2013-08-01 Thread Brian Smith
On Wed, Jul 31, 2013 at 2:19 PM, Mike Hommey m...@glandium.org wrote:

 On Wed, Jul 31, 2013 at 01:06:27PM +0200, Brian Smith wrote:
  On Wed, Jul 31, 2013 at 12:34 PM, Mike Hommey m...@glandium.org wrote:
 
   I strongly oppose to any requirement that would make ESR+2 (ESR31)
   not build on the current Debian stable (gcc 4.7) and make ESR+1
   (ESR24) not build on the old Debian stable (gcc 4.4). We're not
   going to change the requirements for the latter. And b2g still
   requires gcc 4.4 (with c++11) support anyways. Until they switch to
   the same toolchain as android, which is 4.7.
 
  Why are you so opposed? I feel like I can give a lot of good reasons
  why such constraints are a net loss for us, but I am not sure what is
  driving the imposition of such constraints on us.

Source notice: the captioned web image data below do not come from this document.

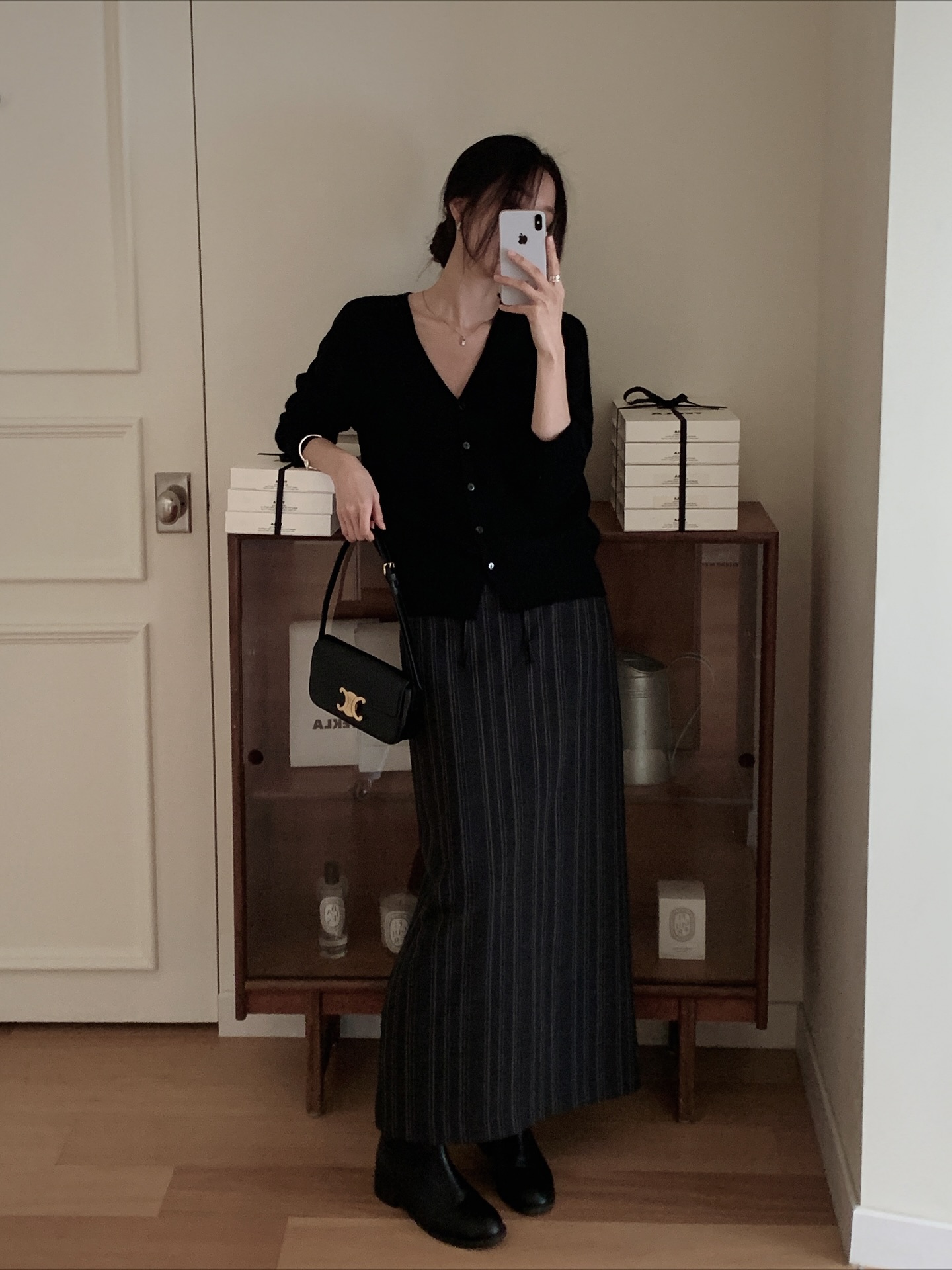 Có thể khẳng định đây là mẫu chân váy đáng sắm nhất 2026: Tinh tế và tôn dáng, đẹp mọi hoàn cảnh- Ảnh 4. Có thể khẳng định đây là mẫu chân váy đáng sắm nhất 2026: Tinh tế và tôn dáng, đẹp mọi hoàn cảnh- Ảnh 4.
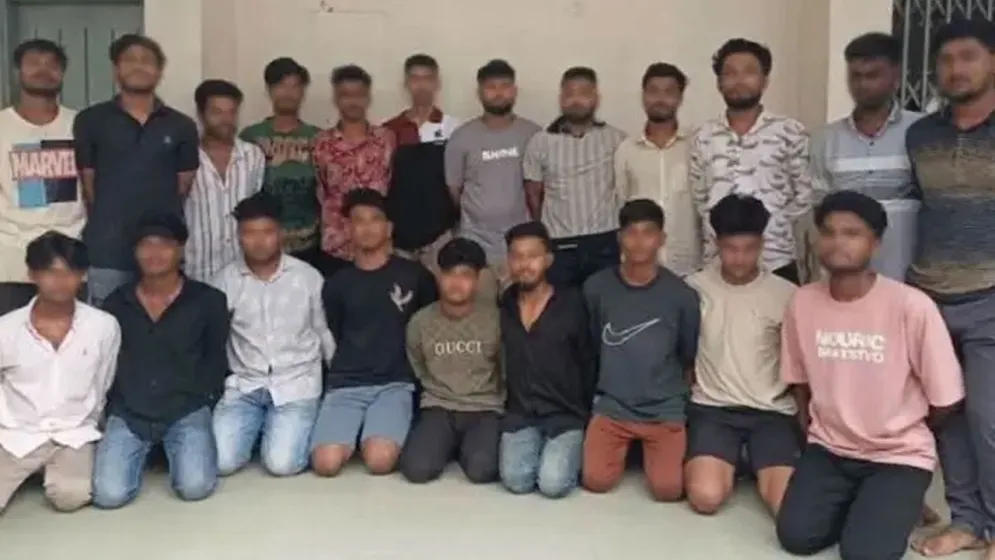 মিছিলের প্রস্তুতি, ৩ মাইক্রোবাসসহ আ. লীগের ৩১ নেতাকর্মী আটক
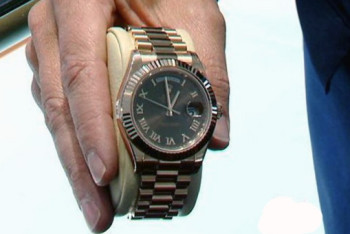 Фотография к новости: Часы за 10 тыс долларов украли у иностранца в фитнес-клубе Атырау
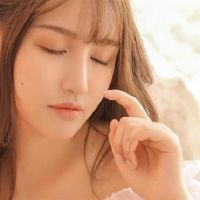 它似乎总是非常幸福，其实都是伪装，许多秘密有很多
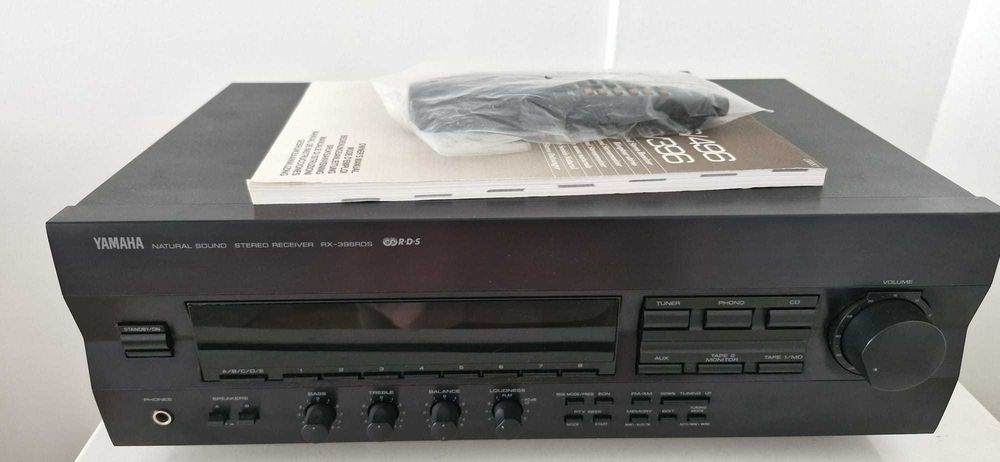 Amplificator/Receiver Yamaha RX-396 RDS cu telecomanda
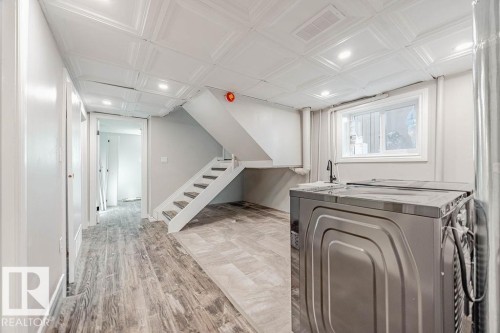 44 Wellington Crescent, Spruce Grove, AB - Indoor Photo Showing Laundry Room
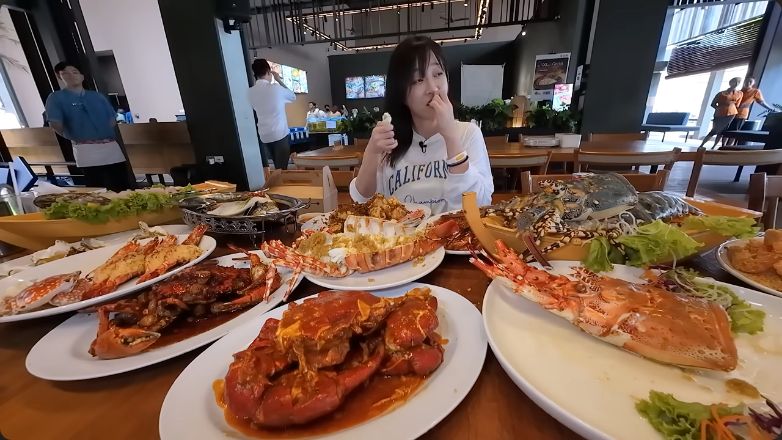 Tzuyang mukbang seafood, 1. Mukbang 200 Tiram, 2. Mukbang 10 Kg Seafood di Bandar Djakarta, 3. Mukbang 100 Ekor Udang, 4. Mukbang King Crab 10 Kg, 5. Mukbang Seafood di Thailand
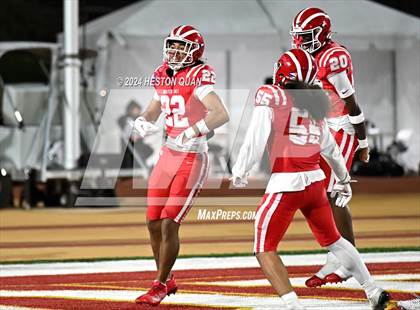 Thumbnail 2 in De La Salle vs. Mater Dei (CIF State Open Division Final) photogallery.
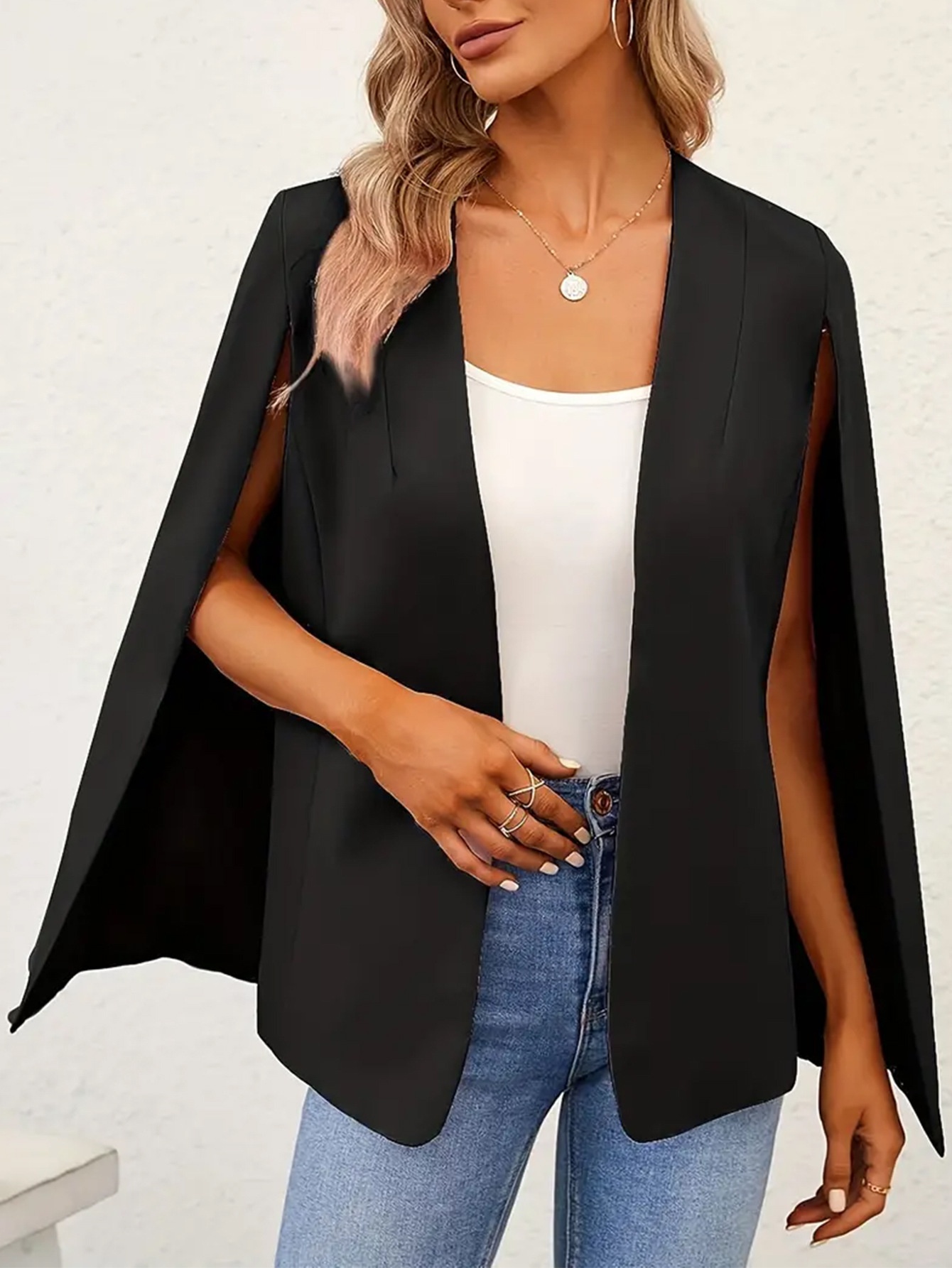 Blazer da donna eleganti e mantelle alla moda per outfit chic_voghion.com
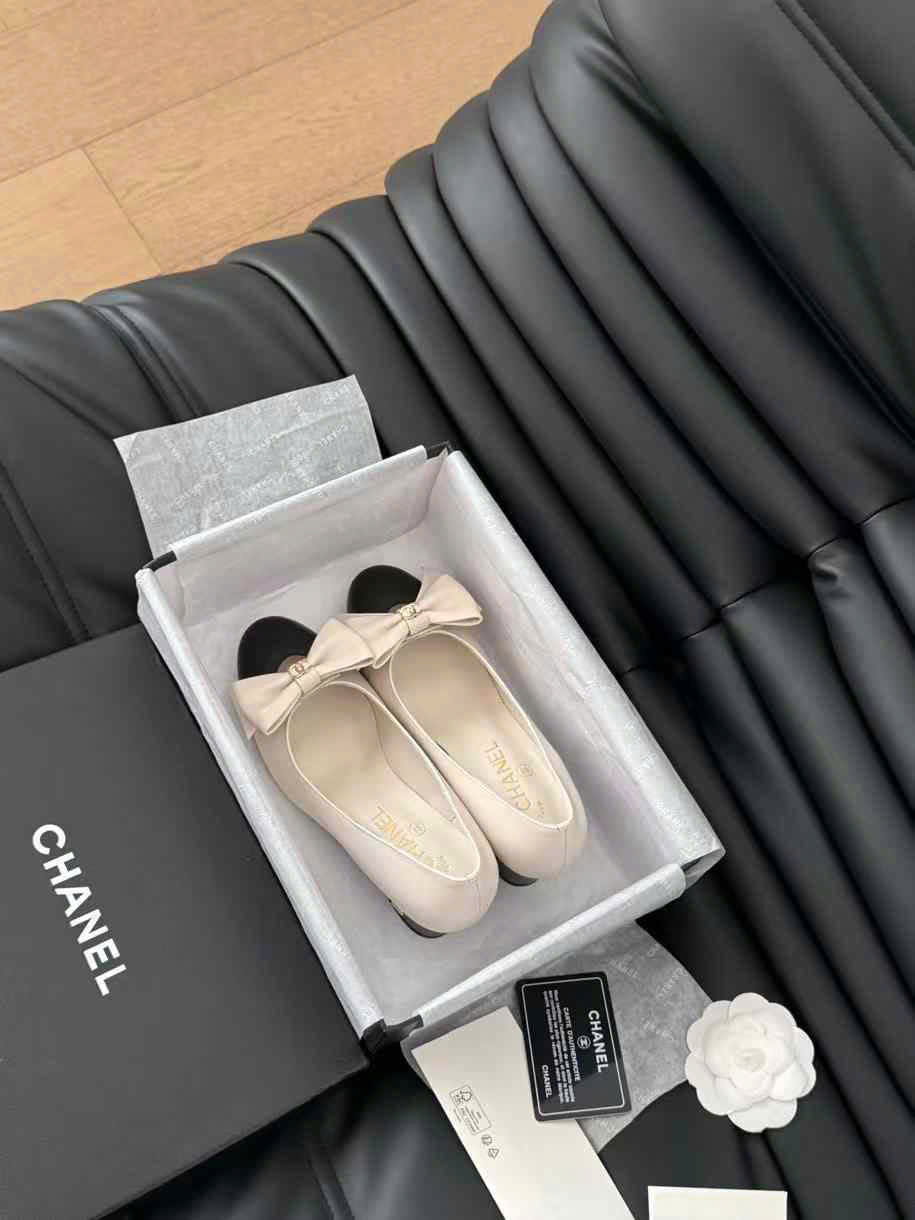 (1:1 replica) Chanel Women s Pump Shoes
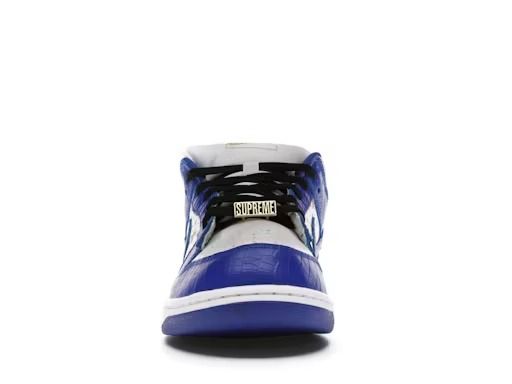  Nike SB Dunk Low x Supreme Stars Hyper Royal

 Because Mozilla is not the only entity that builds and distributes
 Gecko-derived products, including Firefox, and that we can't demand
 everyone to be using the latest shiny compiler.


You are not answering the question. You are just making your assertion in a
different way.

First of all, when we created ESR, there was the understanding that
ESR-related concerns would not hold back the mainline development. Any
discussion about ESR in the context of what we use for *mozilla-central* is
going against our original agreements for ESR.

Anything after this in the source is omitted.